It was an enviable position, according to some. To be what I was, a fly on the walls in which they met. I was hoping to get out, but made the best of my lot, listening. If I did escape, I was hoping to at least be able to share an uncommon view of the cosmos, but my findings were inconclusive.
Surely you must have heard something.
Well. They know it’s big.
There’s a start.
When it comes to origins, they can speculate as to when, but have no idea what, except hot. In recent decades, they have at least become aware that they are only seeing what’s observable to them. One thing that’s really got some of them worked up is about how the further away a galaxy is, the faster it is moving. Away. From what they can see.
Hmm, and they don’t find this discouraging?

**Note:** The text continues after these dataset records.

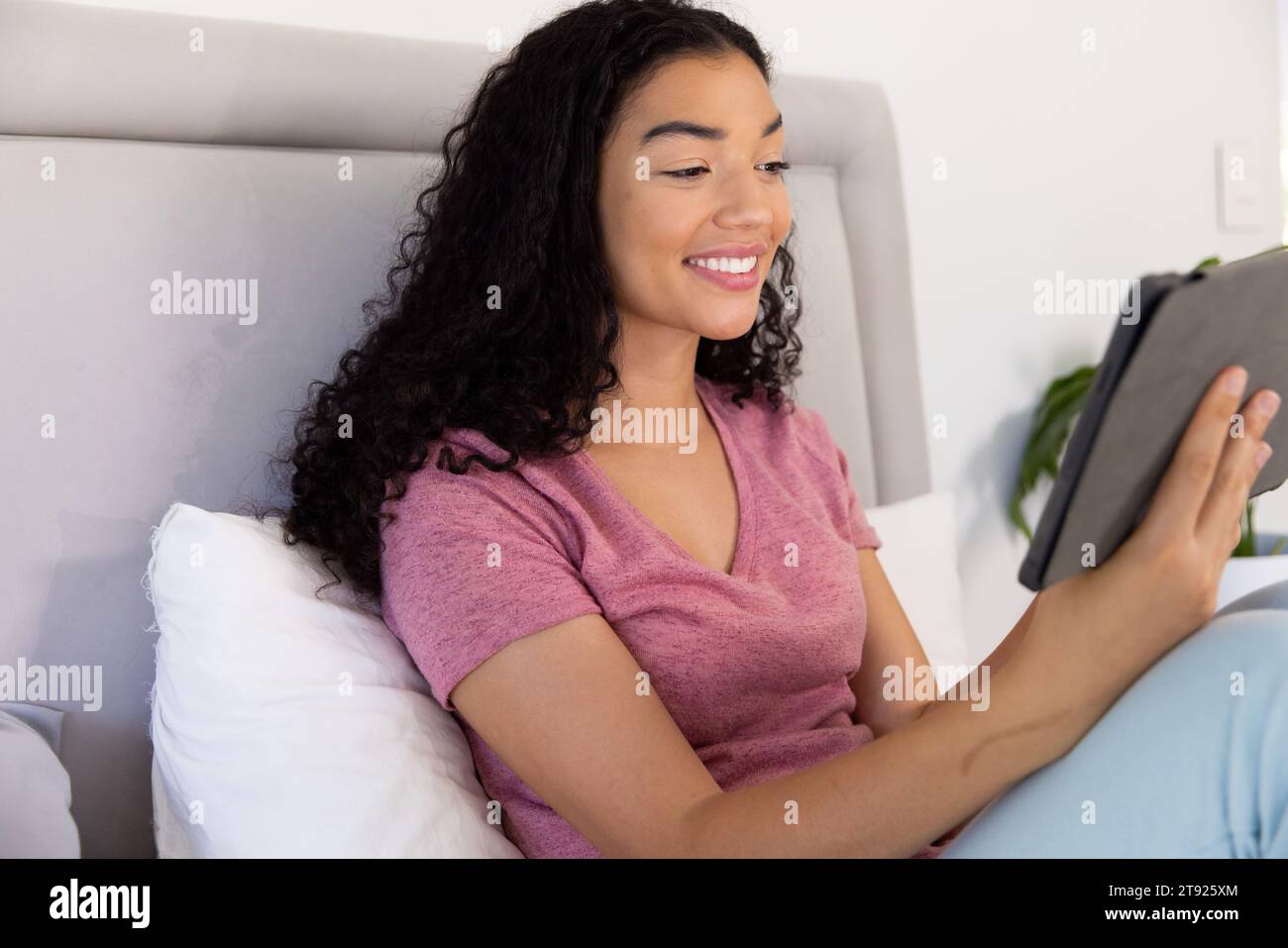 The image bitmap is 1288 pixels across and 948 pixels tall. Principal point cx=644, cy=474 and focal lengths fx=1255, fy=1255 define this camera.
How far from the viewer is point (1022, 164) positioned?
1.98m

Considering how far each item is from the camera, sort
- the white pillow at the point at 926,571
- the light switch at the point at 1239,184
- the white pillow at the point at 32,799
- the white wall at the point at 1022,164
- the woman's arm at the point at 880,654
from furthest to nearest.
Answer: the light switch at the point at 1239,184 < the white wall at the point at 1022,164 < the white pillow at the point at 926,571 < the woman's arm at the point at 880,654 < the white pillow at the point at 32,799

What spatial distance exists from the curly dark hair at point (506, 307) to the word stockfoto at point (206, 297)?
104 mm

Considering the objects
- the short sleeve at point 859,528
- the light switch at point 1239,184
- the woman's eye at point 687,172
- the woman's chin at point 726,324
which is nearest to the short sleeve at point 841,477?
the short sleeve at point 859,528

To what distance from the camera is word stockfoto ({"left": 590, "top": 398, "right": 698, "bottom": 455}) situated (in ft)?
3.84

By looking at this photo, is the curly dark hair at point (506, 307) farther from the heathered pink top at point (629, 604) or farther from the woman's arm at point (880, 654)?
the woman's arm at point (880, 654)

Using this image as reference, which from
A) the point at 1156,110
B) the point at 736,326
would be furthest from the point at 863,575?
the point at 1156,110

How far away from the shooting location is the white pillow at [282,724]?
0.96 metres

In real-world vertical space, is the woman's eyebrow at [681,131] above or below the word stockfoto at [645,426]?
above

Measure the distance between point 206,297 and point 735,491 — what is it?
0.53m

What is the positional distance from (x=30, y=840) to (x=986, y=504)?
1485mm

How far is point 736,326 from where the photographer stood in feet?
3.76

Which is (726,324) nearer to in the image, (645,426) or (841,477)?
(645,426)

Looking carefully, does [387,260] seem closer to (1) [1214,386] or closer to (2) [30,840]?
(2) [30,840]

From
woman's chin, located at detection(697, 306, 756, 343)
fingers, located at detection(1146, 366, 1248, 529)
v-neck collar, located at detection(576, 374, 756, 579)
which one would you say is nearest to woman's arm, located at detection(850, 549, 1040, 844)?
v-neck collar, located at detection(576, 374, 756, 579) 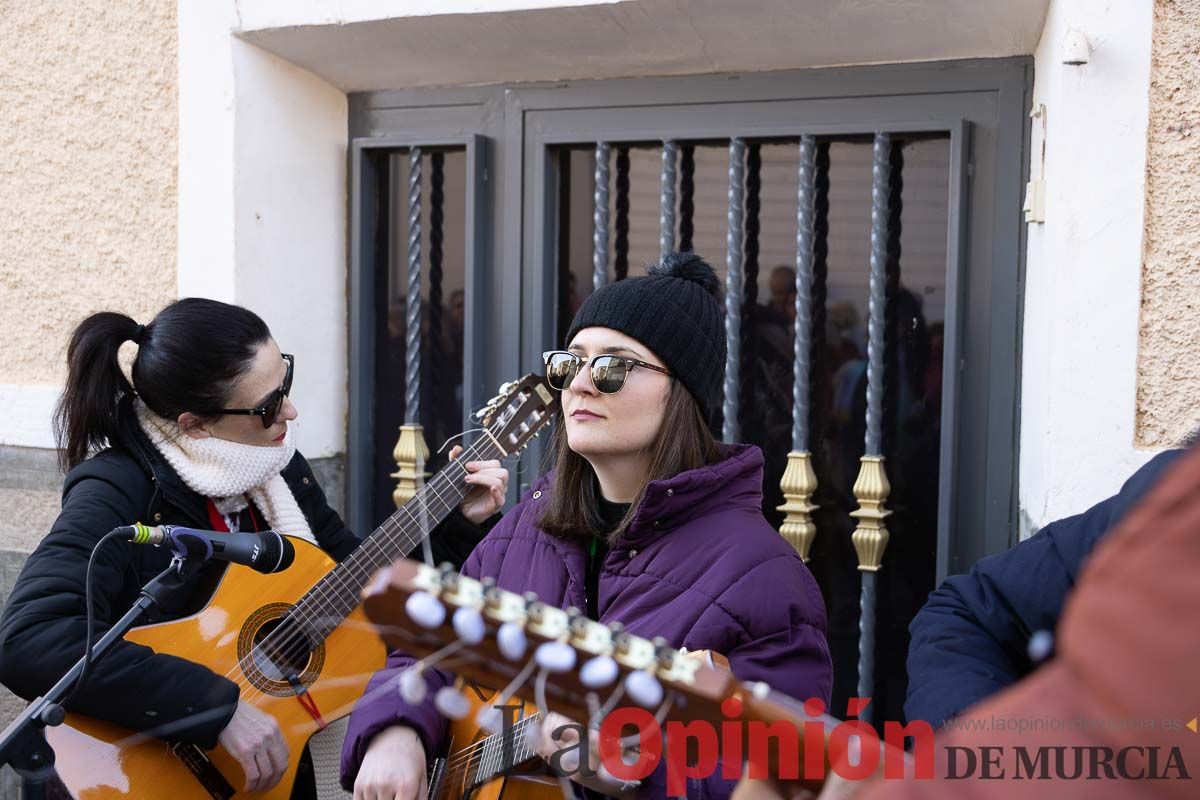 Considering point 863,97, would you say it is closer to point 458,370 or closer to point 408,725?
point 458,370

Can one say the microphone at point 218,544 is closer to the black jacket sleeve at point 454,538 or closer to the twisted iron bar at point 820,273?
the black jacket sleeve at point 454,538

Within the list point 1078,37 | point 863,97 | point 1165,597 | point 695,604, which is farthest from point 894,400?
point 1165,597

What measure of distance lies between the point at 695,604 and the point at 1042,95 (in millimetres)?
1458

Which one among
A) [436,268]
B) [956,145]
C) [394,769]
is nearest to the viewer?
[394,769]

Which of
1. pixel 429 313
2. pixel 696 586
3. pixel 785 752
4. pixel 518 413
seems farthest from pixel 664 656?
pixel 429 313

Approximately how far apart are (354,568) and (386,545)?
0.09 meters

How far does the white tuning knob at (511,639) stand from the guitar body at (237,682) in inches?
58.3

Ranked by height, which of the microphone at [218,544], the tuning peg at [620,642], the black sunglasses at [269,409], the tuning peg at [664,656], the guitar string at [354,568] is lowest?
the guitar string at [354,568]

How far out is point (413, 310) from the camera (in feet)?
11.9

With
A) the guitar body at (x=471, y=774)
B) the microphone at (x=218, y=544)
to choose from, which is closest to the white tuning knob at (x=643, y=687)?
the guitar body at (x=471, y=774)

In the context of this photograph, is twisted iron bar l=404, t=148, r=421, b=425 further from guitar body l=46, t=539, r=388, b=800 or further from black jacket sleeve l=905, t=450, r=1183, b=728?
black jacket sleeve l=905, t=450, r=1183, b=728

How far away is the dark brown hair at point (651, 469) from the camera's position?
233 centimetres

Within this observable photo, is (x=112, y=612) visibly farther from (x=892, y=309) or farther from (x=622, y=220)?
(x=892, y=309)

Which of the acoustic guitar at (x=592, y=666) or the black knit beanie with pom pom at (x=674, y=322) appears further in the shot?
the black knit beanie with pom pom at (x=674, y=322) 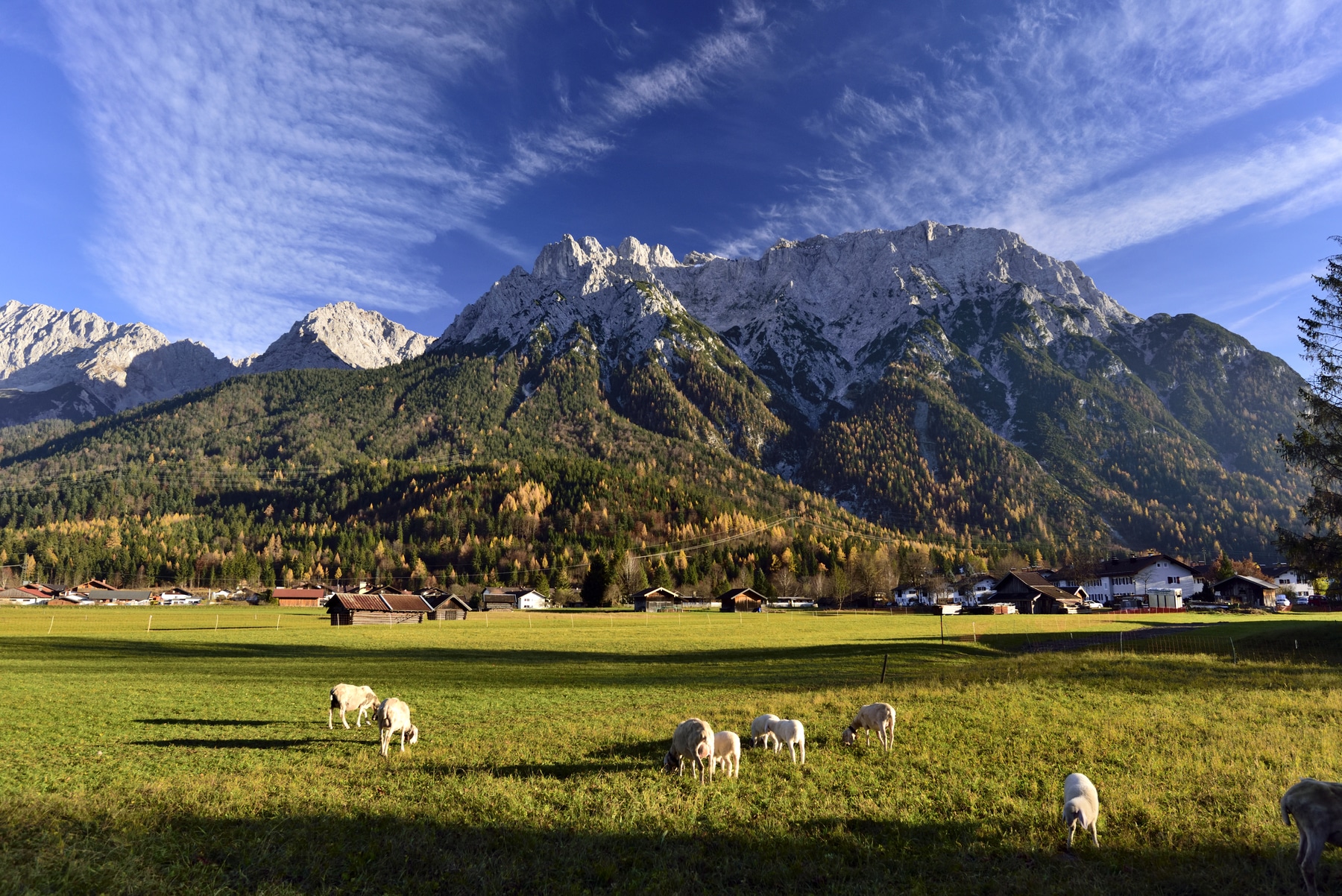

Nope. They are very persistent. It’s adorable, really. And they have all these little naming games and such and can’t help characterizing all the forces with various personalities. Like, they have this one saying they love to repeat. Let me see if I can get it. It goes: Space meeting Matter says, “Move like this!” and Matter, meeting Space, says, “No, curve!”
So now what are they onto?
Mostly a sense that they are missing something. That it’s right there, on the horizon.
In the part that’s moving away fast, or the slower part?
I don’t know. That’s when they finally opened a window.
Inspired by this article. And by the work of Georgi Gospodinov, which often features sentient flies.